Peter Bogdanovich's Targets is a strange beast in of itself and contains a strange beast within itself. The plot and running time are evenly split into two halves. One is an intimate look into the life and feelings of an 'over the hill' actor (ironically played by Boris Karlof) who, unsatisfied with the last few films he has starred in, decides to call it quits, despite pleas from the studio and an young gun-ho director (played, ironically, by Peter Bogdanovich). The second story involves young soldier, who has just returned to the States from the hell that was Vietnam (the war, not the country). He's polite, articulate, has a darling wife, but all this matter little in the end for he is mentally an emotionally scarred. Make that troubled. Having equipped himself with some fine riffles, he begins a killing spree like no other.

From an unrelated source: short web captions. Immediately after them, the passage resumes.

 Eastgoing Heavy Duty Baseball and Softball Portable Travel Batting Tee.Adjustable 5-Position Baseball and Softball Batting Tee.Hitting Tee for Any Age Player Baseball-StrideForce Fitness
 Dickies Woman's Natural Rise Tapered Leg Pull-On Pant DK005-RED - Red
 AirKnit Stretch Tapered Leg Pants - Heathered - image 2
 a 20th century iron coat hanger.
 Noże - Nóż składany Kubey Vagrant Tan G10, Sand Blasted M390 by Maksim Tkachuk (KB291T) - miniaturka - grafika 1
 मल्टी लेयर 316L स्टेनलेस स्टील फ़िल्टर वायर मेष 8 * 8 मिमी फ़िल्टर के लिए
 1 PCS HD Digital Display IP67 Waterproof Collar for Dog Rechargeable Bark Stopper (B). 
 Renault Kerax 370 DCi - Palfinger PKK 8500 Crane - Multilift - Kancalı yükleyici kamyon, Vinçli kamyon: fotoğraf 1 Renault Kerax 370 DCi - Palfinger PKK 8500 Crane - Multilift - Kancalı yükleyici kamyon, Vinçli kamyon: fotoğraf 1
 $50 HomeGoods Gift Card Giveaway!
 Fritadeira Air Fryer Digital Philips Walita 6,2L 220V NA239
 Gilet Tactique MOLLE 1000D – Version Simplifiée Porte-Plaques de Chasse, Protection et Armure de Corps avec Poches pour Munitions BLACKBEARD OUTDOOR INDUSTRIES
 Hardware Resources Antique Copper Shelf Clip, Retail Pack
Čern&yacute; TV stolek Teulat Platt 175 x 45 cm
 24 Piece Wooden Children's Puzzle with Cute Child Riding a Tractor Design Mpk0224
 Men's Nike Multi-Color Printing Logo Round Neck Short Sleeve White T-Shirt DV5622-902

I won't go further, but you can probably tell that the two stories will collide sometime before the end of the film. What's fascinating is how Bogdanovich uses these two different stories so effectively. Karloff is superb in the role of the tired old character actor searching for the peace and quite of retirement. He's funny at times and often delivers his lines in such a way that I always felt a certain truth about the character. The mere fact that Boris Karloff is playing the character, and with such believability, adds a richness to the story arc. I had never seen Karloff actually act a part that asked for subtlety and smart comedic timing. Bogdanovich, as the young director, is quite fun as well, merely because he gets to play a young, slightly cocky director. Nancy Hsueh is adorable as Karloff's overly qualified but always supportive secretary. Bogdanovich and Hsueh don't get many scenes together but the ones they have are cute. Tim O'Kelly (who looks a lot like Matt Damon...) is more than just effective as young Bobby Thompson. In many of his early scenes he appears to be your typical 60s polite suburban Caucasian chap. But underneath lies a beast, one that he can't control (or that has taken over him I should say). The first few scenes that hint at O'Kelly's disturbed nature are exquisitely set up. There is something terrifying about him, make no mistake about it. His first murder scene is a jolt to the senses. It comes quickly and without remorse. The shock factor is at the top of the scale, but without ever resorting to cheap tricks however. The murders are as disturbing as they come because they are filmed in such a way that it always feels real. This can happen (and has unfortunately). Nothing is glorified here.
The only question that remains is why have these two seemingly opposite stories told in the same film? The reasons may be numerous. The most obvious one being a social commentary on the destructive Vietnam war and its affect on people who were probably once good. Another could be a juxtaposition of a story about an old man who's lived a full life and feels that he's done his time against another that showcases a much younger man who hasn't accomplished very much and is throwing his life away, thus making a strange but I suppose reasonable argument about youth, recklessness and maturity. Paranoia in all its forms perhaps? A more aesthetic theme could be that of fictional monsters (played by Karloff throughout his character's career) and real life monsters (war and its genuine consequences) who cause real damage.
The answer is decidedly murky, and that's how it should be. What's the fun in being spoon fed a specific message from a director after all? I like that fact that nothing is really explained, even though it's quite evident that the links, whatever they may be, are there.